A water diviner is a man with inexplicable powers who can walk across a barren, dried out desert or ledge of rock with a long stick—or divining rod—point it in a certain direction, and find water. Big city cave dwellers are skeptical, but in the petrified wastes of Texas I have watched real diviners at work when somebody’s well runs dry. This is what happens in the first scene of Russell Crowe’s directing debut, The Water Diviner. But don’t panic. He never does the same trick again. I’m not sure what the movie is about, but it’s not folk magic.
THE WATER DIVINER ★★
Written by: Andrew Knight and Andrew Anastasios
The rough, gruff star plays an Australian farmer whose wife commits suicide after the loss of their three sons in the 1915 Battle of Gallipoli. Four years of despair later, he packs up and begins an arduous journey to the scene of the massacre to visit the battlefield where they died together on the same day. The search leads from Australia to Istanbul, where the hostile forces he meets on every side include a beautiful widowed hotel owner who treats him like an enemy, and her young son who treats him like a heroic surrogate father. He also meets a Turkish Army major who shows him eight square miles of barbed wire, unexploded grenades and the unmarked graves of 3,000 Aussies. (It was filmed more coherently in Peter Weir’s great Australian epic Gallipoli, with a young Mel Gibson.)

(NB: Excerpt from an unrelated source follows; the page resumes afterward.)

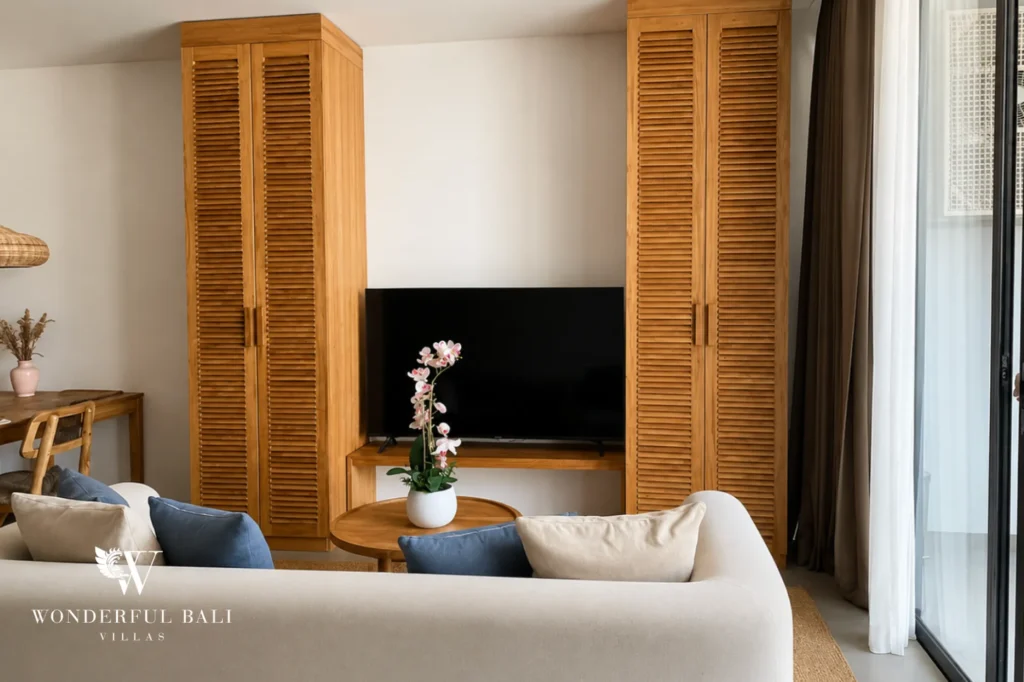 Living room with sofa and smart TV, 1-bedroom modern studio apartment in Canggu, Bali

Months of digging reveal only two of his sons’ I.D. tags. Now the murderous Turk who ordered them killed becomes the only man who can help him find the third son, who may still be alive. There’s a lot of talk, none of it worth repeating, and a lot of sweat and dirt, none of it worth photographing. Then just when the Turkish officer takes pity on him and leads him to the ruins where his son may be hiding, another war breaks out, this time with the Greeks, who ambush the train. All hell breaks loose and the blood flows like retsina.

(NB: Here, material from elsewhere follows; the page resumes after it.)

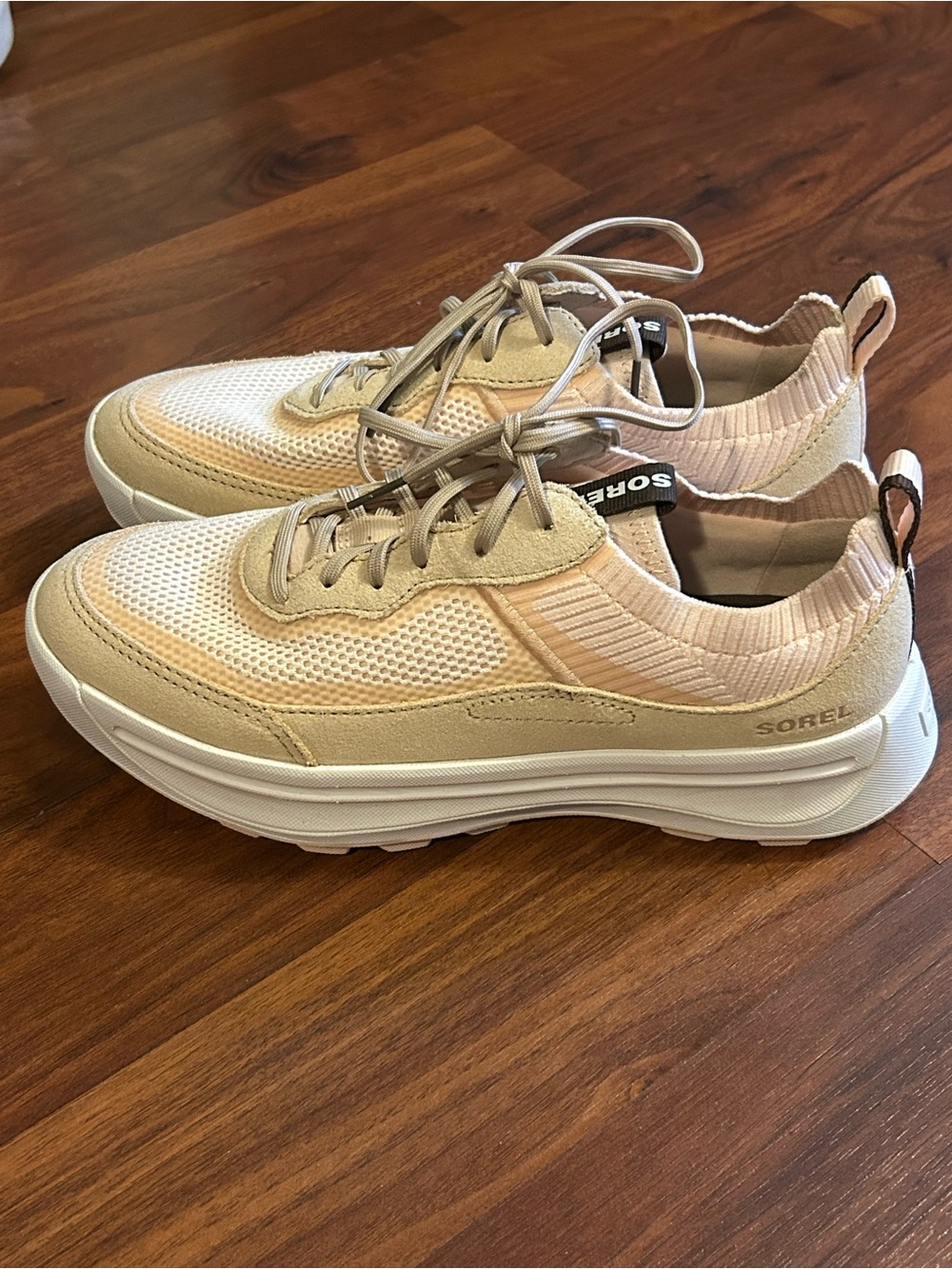 Sorel ONA 503 Women's White/Peach Sand/Beige Knit Lace-Up Platform Sneaker 9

Does he ever find his lost son? Will the pretty widow still be waiting if he ever gets back to Istanbul? Can he teach the Turkish officer how to play single-deck pinochle? Will his home still be there if he goes? Can he farm the blistered, rocky land if he stays? Does anybody need water? As a director, Mr. Crowe’s camera meanders all over the place; as an actor, he mumbles and growls his way through the carnage like it was nothing more important than a re-make of Gladiator, filmed on old sets from Gene Autry westerns. Which, by the end of nearly two hours of The Water Diviner, I would have happily welcomed.